Ohh, der Sommer kommt zurück... endlich wieder etwas Sonne ins Herz lassen... Sommerferien sind etwas Tolles... denk dran, die Kaninchen zu füttern...  (NICHT zu futtern!)... schau mal, da läuft Flo, ich freu mich so, ihn zu sehen... wo ist der Postbote... ich brauche eine neue Melone... lohnt es sich für die restlichen Sommertage noch, die Fenster mit Spiegelfolie zu bekleben... Ja, Herr Wusterbarth, so eine Lebenseinstellung, wie ich sie hab, kennt man eher aus dem Film... nachher noch den Wellness-Blog schreiben... bisschen an der PS4 spielen...

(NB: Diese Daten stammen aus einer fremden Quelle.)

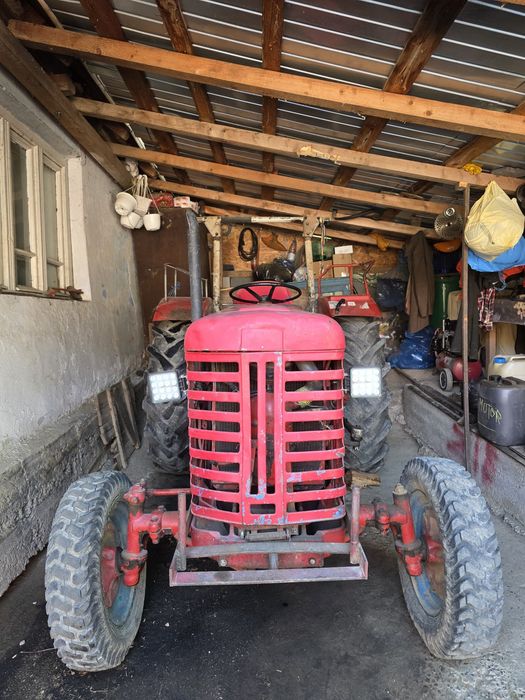 Vând tractor McCormick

Und dann sitze ich da und klicke mich gerade durch einen Videospiel-Dialog, als plötzlich oben beschriebenes Gefühl auftritt. Okay, der Kreislauf sackt ab. Ich kenne das. Ich habe nicht genug gegessen, daher ist instant-radikal-Zwangsernährung angesagt (Baguettebrötchen mit Leberkäse und dazu Schokodragees anyone?), um den Kreislaufkollaps zu verhindern.

Es ist mir schon öfters passiert, gerade wenn ich mich für eine Sache begeistere, dass mein Gehirn vollkommen auf dieser Schiene fährt und an nichts Anderes mehr denkt. In Freizeitparks zum Beispiel, oder wenn ich ein neues Videospiel starte. Meine ganze Aufmerksamkeit gehört dem Moment, alles Andere ist unwichtig. So auch Essen. Das wird dann zur Nebensache, Zeitverschwendung, wie auch immer.

Und manchmal provoziere ich das ja auch bewusst. In den Phasen, in denen ich asketisch lebe (@Holzdorf: Es fühlt sich *wirklich* erstaunlich an), gerät Essen in den Hintergrund. Glücklicherweise habe ich daraus gelernt, und somit stellen diese Kreislauftiraden keine Bedrohung mehr dar. Ich weiß, wenn die weißen Sternchen kommen, wenn der Kopf bei schnellen Drehungen langsam hinterherwabert, dann sollte ich sofort etwas essen. Auch wenn es dauert und wertvolle Zeit kostet. Schutzmechanismus.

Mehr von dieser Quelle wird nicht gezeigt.